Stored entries
Start of Block

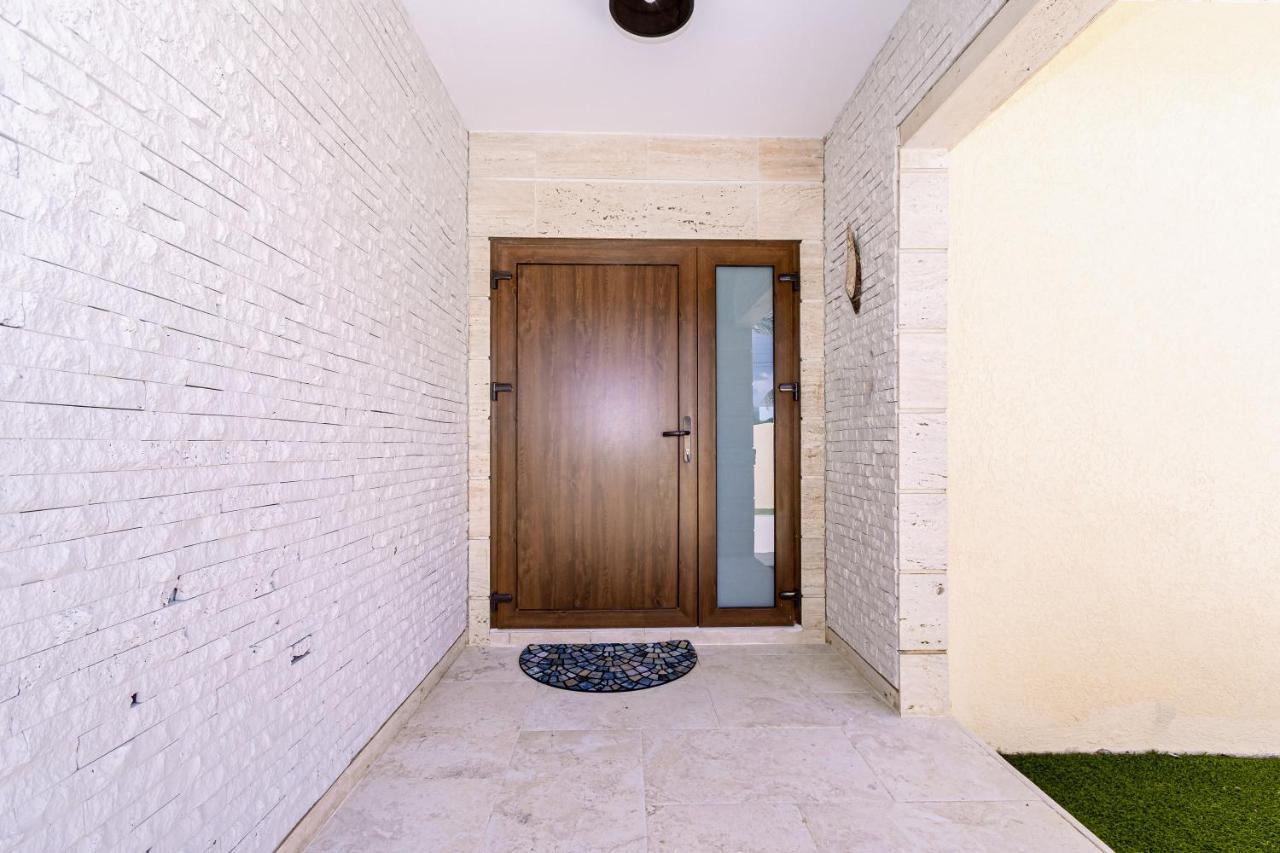 Ruby 15 Villa Palm Beach Bagian luar foto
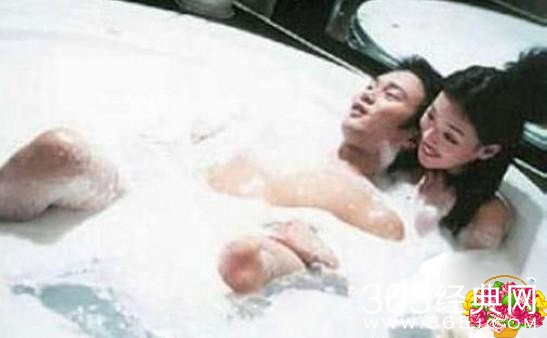 盘点全裸献身鸳鸯浴的十对大明星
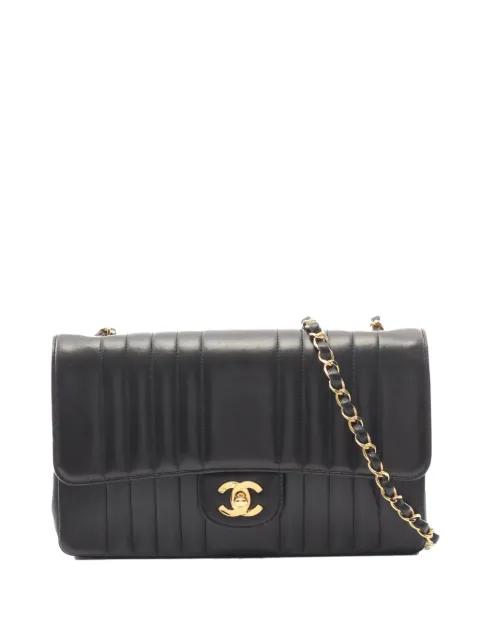 1991-1994 Medium Lambskin Diana Flap shoulder bag by CHANEL 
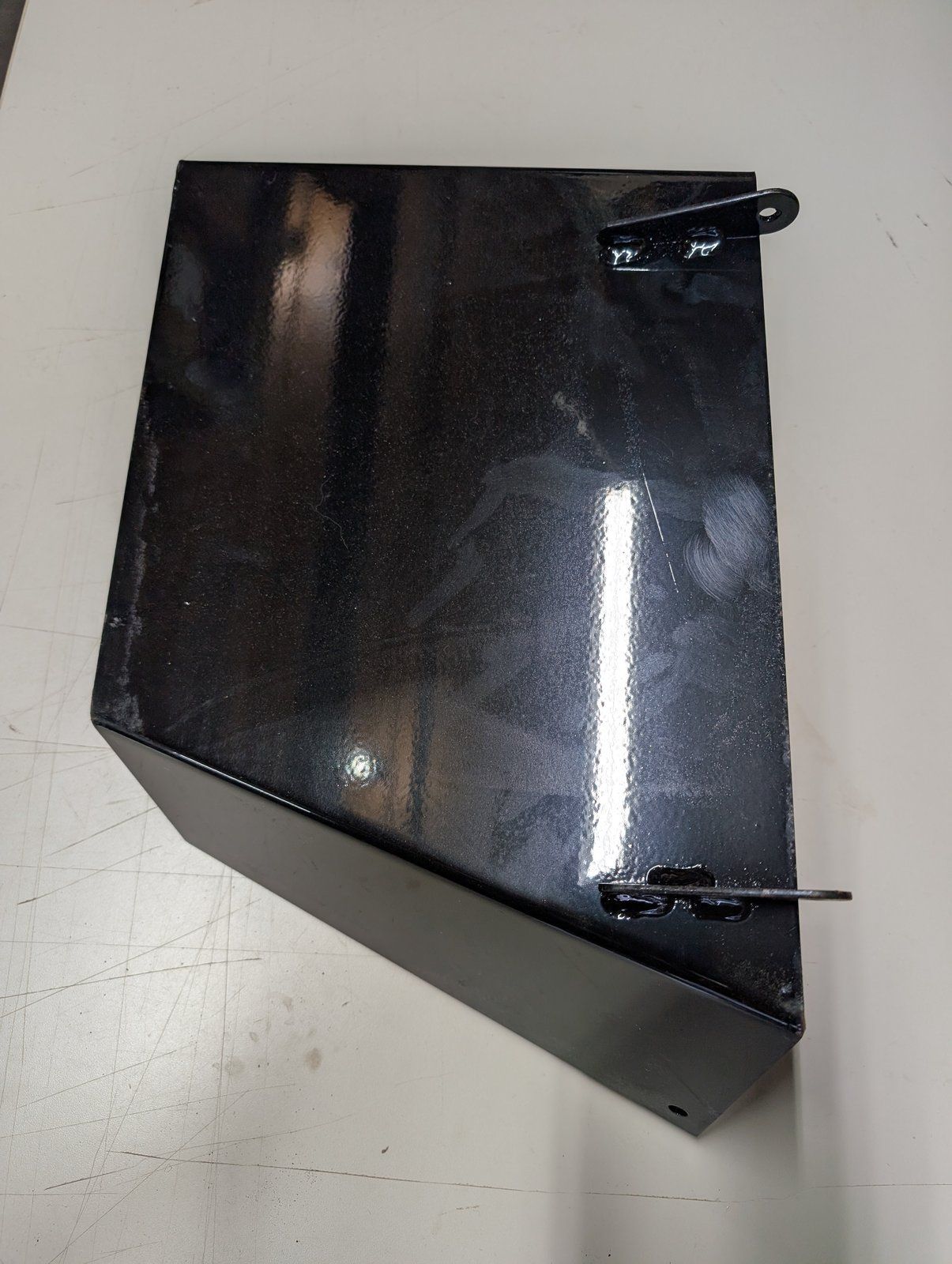 C46703 DISCHARGE CHUTE 52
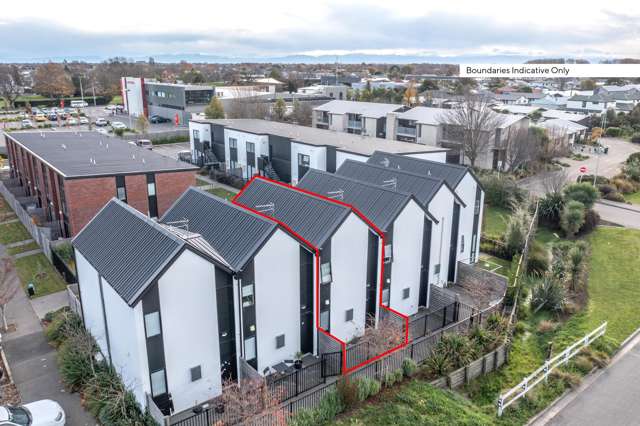 Modern Townhouse-easily managed. $479,000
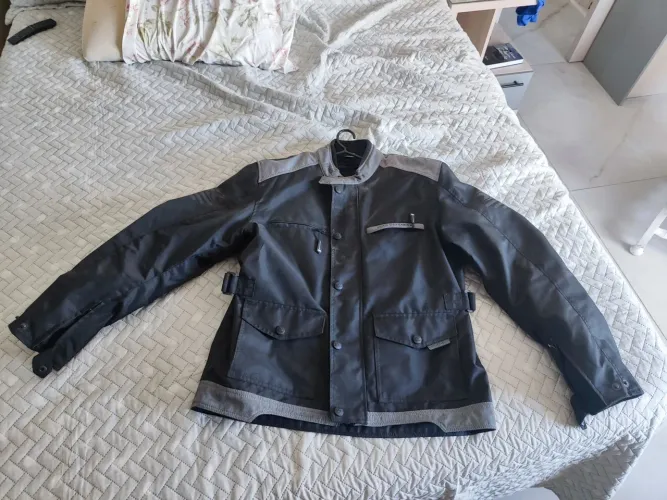 jaqueta de motociclista semi nova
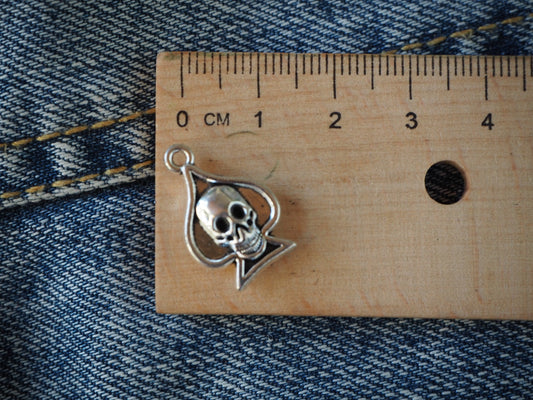 Skull metal pendant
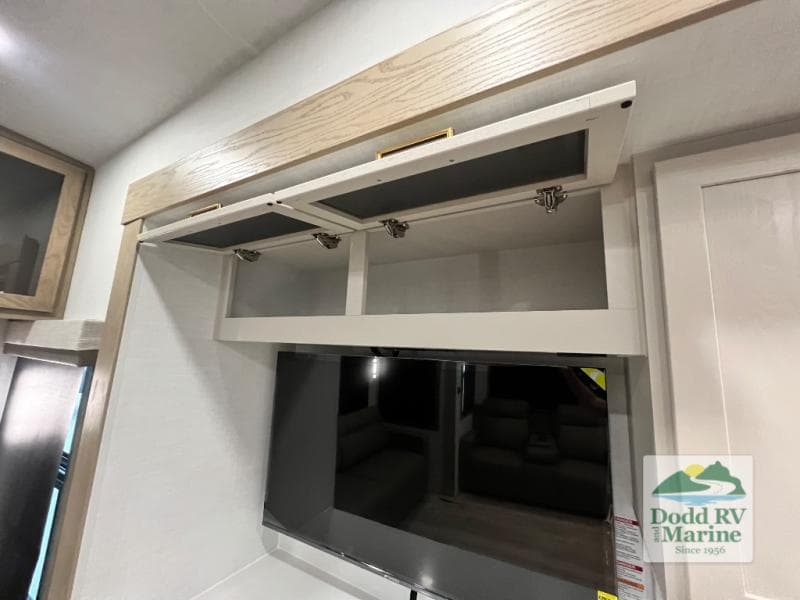 New 2027 Forest River ROCKWOOD SIGNATURE 401SFB - photo - 25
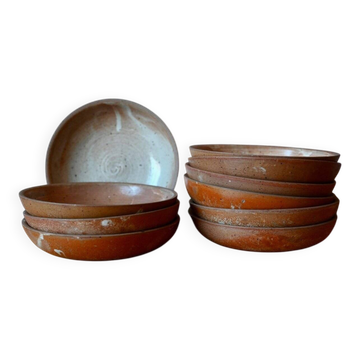 Série de 10 assiettes en grès tourné, pyrité et émaillé, wabi sabi brutalis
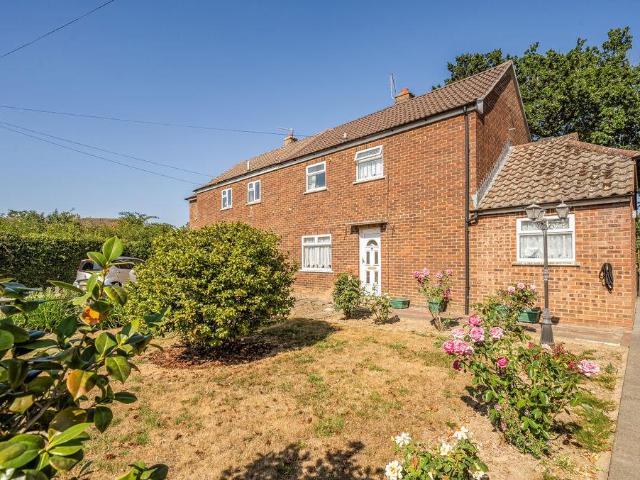 House for sale in Capel, Sandown Park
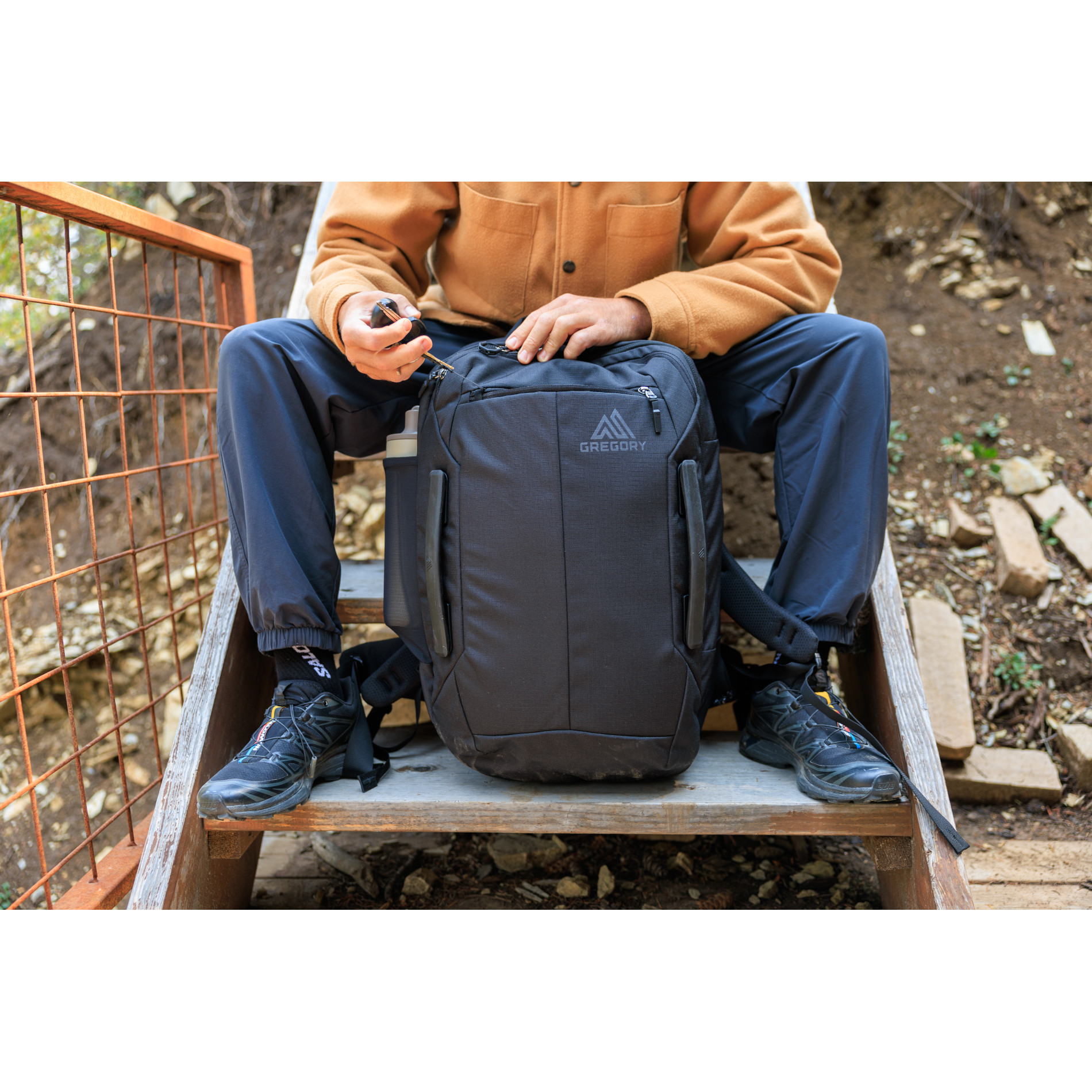 BORDER 30 - POOL PARTY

End of Block

PROBLEM REQUIREMENTS
Nothing is needed beyond an exact transcription of the lines from the one containing "C46703 DISCHARGE CHUTE 52" to the end of the entries above, with the pictures omitted.

RESULT BELOW
 C46703 DISCHARGE CHUTE 52
 Modern Townhouse-easily managed. $479,000
 jaqueta de motociclista semi nova
 Skull metal pendant
 New 2027 Forest River ROCKWOOD SIGNATURE 401SFB - photo - 25
 Série de 10 assiettes en grès tourné, pyrité et émaillé, wabi sabi brutalis
 House for sale in Capel, Sandown Park
 BORDER 30 - POOL PARTY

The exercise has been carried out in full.